EXERCISE DIRECTIONS:
Please go line by line and repeat the data below exactly, with no images.

SUPPLIED MATERIAL:
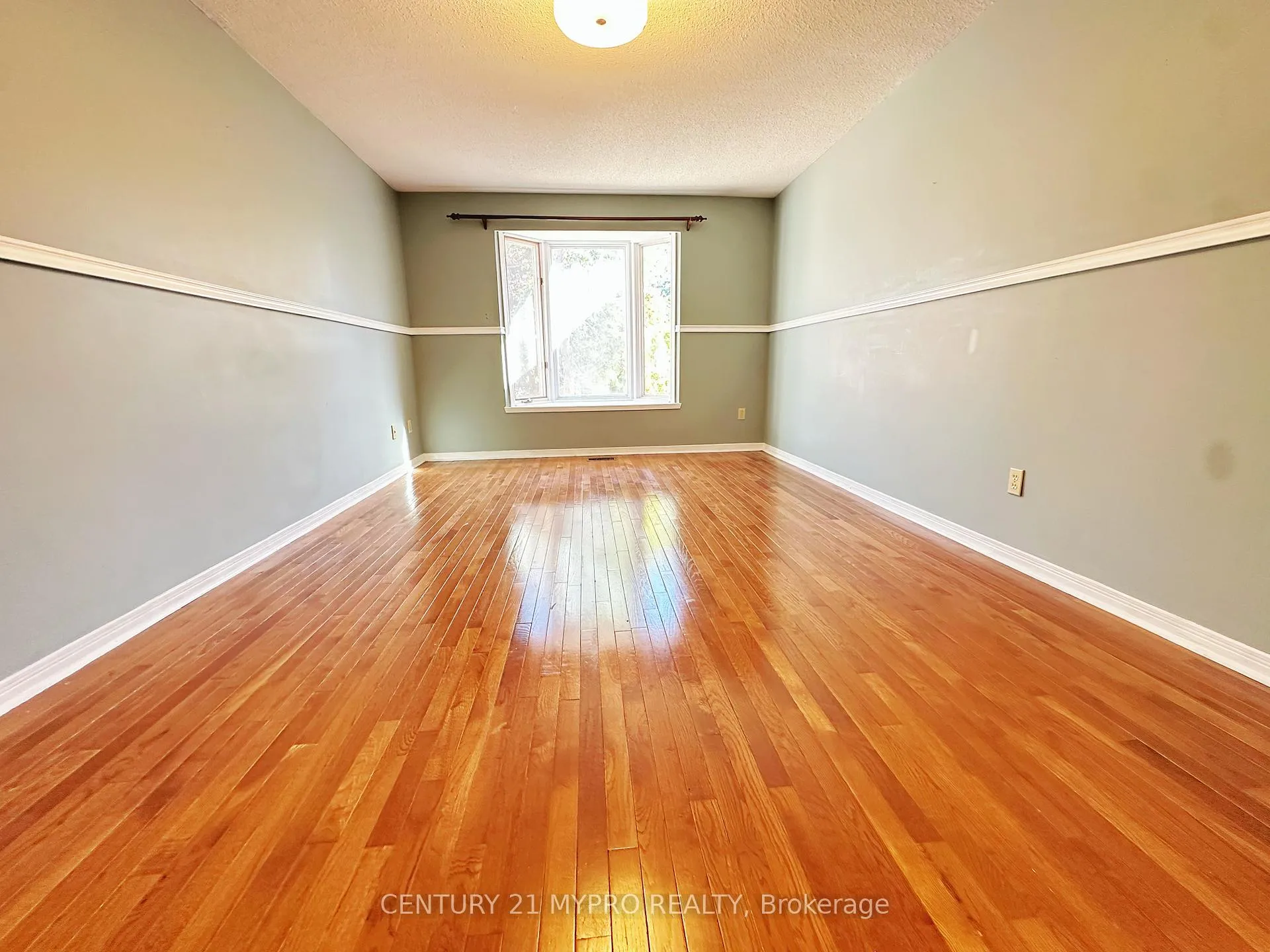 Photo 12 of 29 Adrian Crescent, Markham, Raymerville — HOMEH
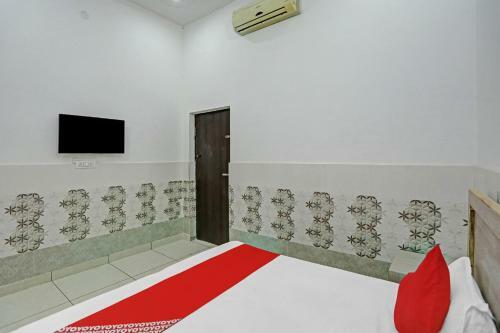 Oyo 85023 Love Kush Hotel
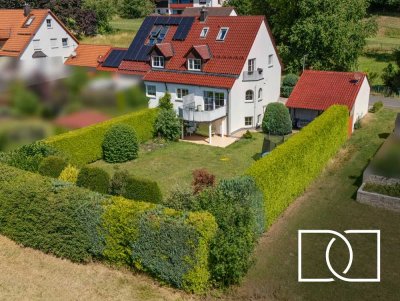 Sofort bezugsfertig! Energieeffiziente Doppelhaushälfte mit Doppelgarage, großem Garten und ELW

THE COMPLETED TASK:
 Photo 12 of 29 Adrian Crescent, Markham, Raymerville — HOMEH
 Oyo 85023 Love Kush Hotel
 Sofort bezugsfertig! Energieeffiziente Doppelhaushälfte mit Doppelgarage, großem Garten und ELW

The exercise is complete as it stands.